Hay una región literaria donde viven, en agónica armonía, Elfriede Jelinek, Thomas Bernhard y Josef Winkler. Hace frontera con el pueblo de Agota Kristof, con el brezal de Brand y con el manicomio de Robert Walser. A veces es Austria, a veces Alemania, a veces Suiza. Sus habitantes no son numerosos porque se suicidan. Al hablar, vomitan. Al lado de cada casa hay un cementerio, una vaca, un tocón de madera con un hacha clavada y un cubo de agua fresca. Cuando los niños miran al cielo, ven vigas de las que cuelgan cuerdas. Comen tocino, lengua y pezuña, y la leche siempre tiene temperatura de vaca. La lengua nacional es el alemán, traducido por Miguel Sáenz.

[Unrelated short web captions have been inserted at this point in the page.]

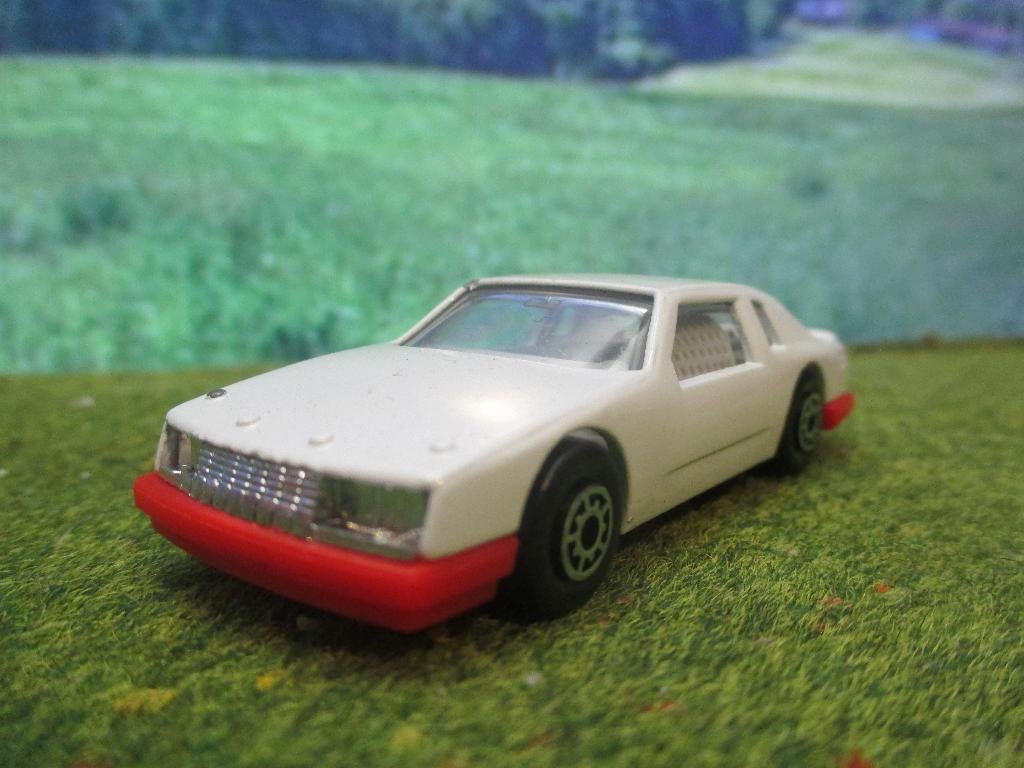 1:64 Buick Lesabre NASCAR - Edocar in de orig. verpakking, Ophalen of Verzenden, Gebruikt, Auto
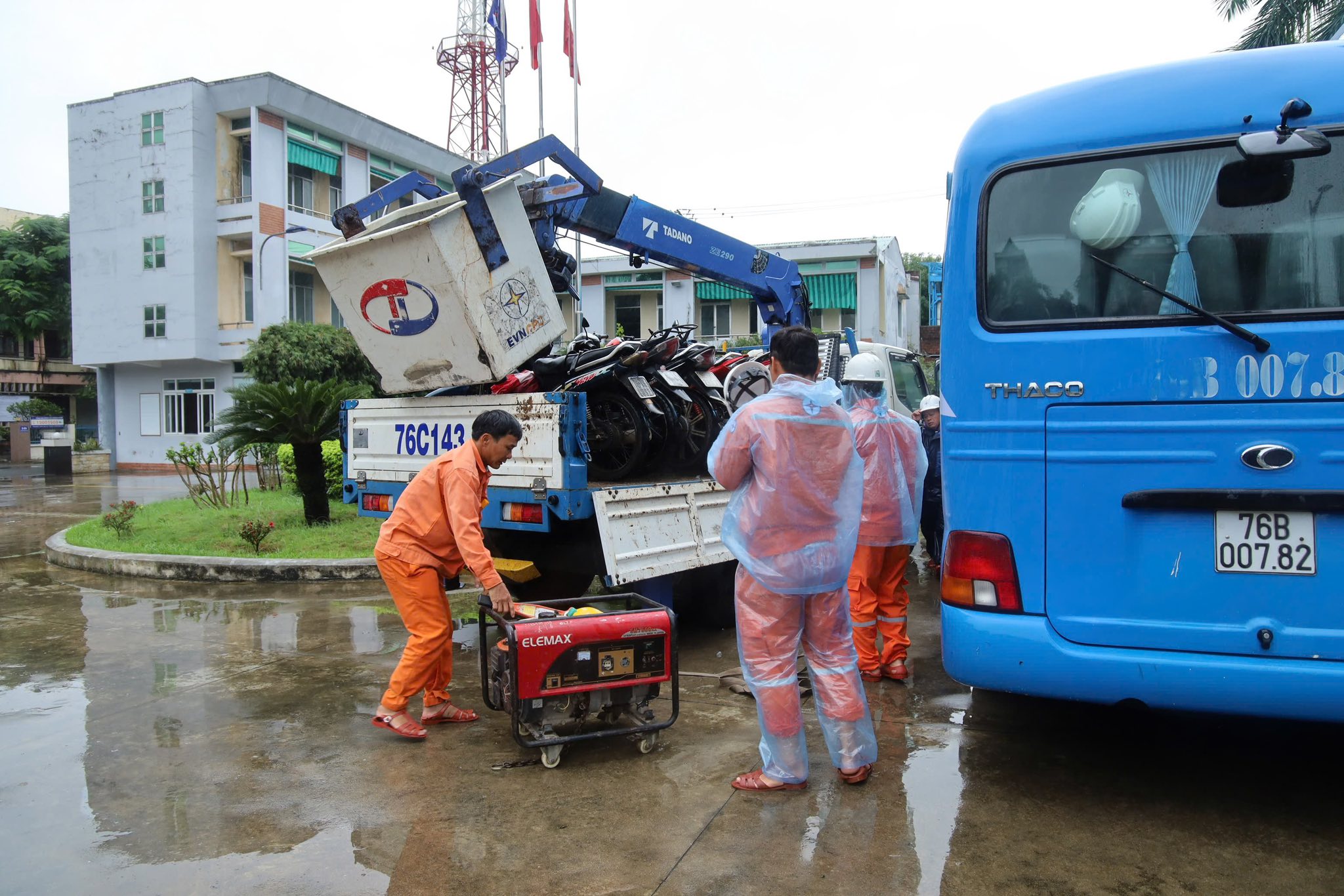 Công nhân môi trường, điện lực Quảng Ngãi hỗ trợ người dân Đắk Lắk sau lũ- Ảnh 6.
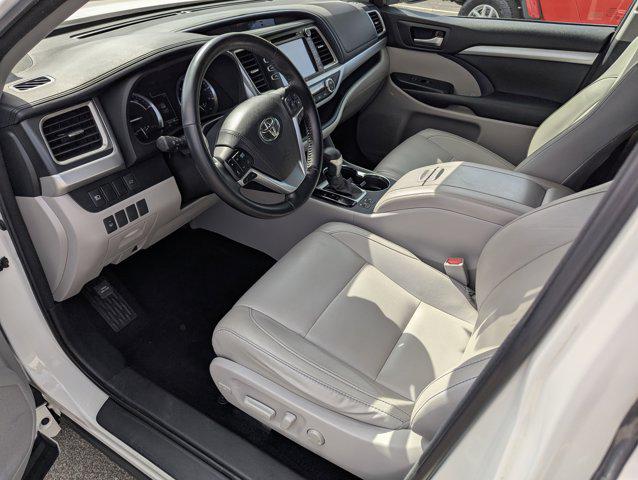 Used 2017 Toyota Highlander Hybrid For Sale in Tucson, AZ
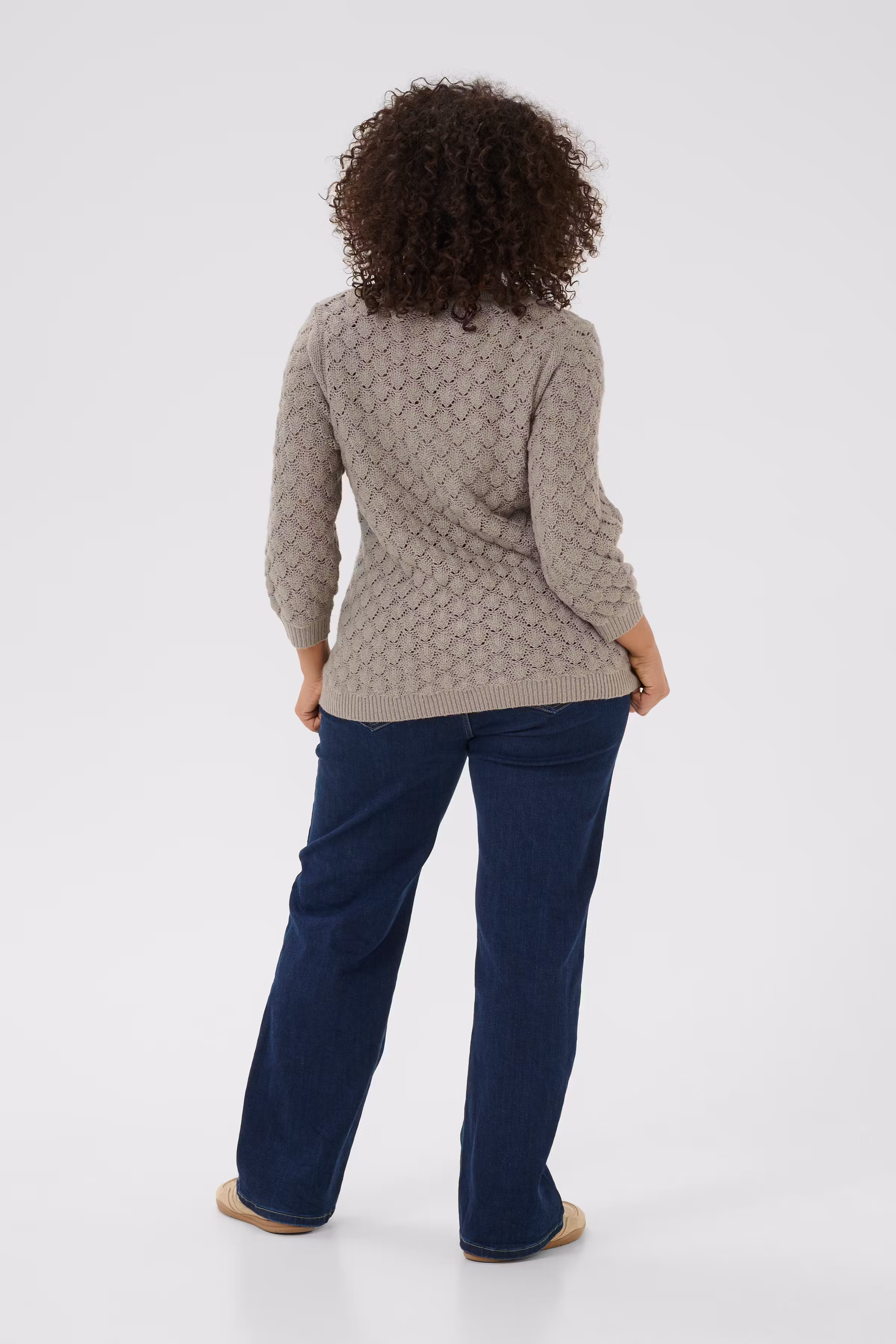KCmani Pullover LOOKBOOK BACK 10583357-170205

Alguien lleva siglos escribiendo acerca de este país. Es una voz que se encarna en otra voz que no sabe hacer otra cosa y que habla mientras vive. Después, la voz viaja a otro cuerpo. Y si en el resto del mundo otros hacen algo llamado literatura, bien por ellos. Aquí es distinto. Aquí no sabemos qué son los recursos, las vanguardias o los personajes. Escribimos a lo burro, a golpes, atascándonos en cada frase. Sabemos que en otros lugares el pensamiento fluye, pero aquí va, como mucho, de un pueblo a otro, y a mitad de camino se te cruza un caballo que te da una coz. O tu padre, que al volver de misa te suelta una hostia. Y vuelves a casa, donde ha muerto alguien que antes ni existía porque así son las cosas en esta tierra: tu tía Hildegard es distinta de tu tía Gretchen porque una se tiró al río y la otra, embarazada de gemelos, al fuego. Así vivimos.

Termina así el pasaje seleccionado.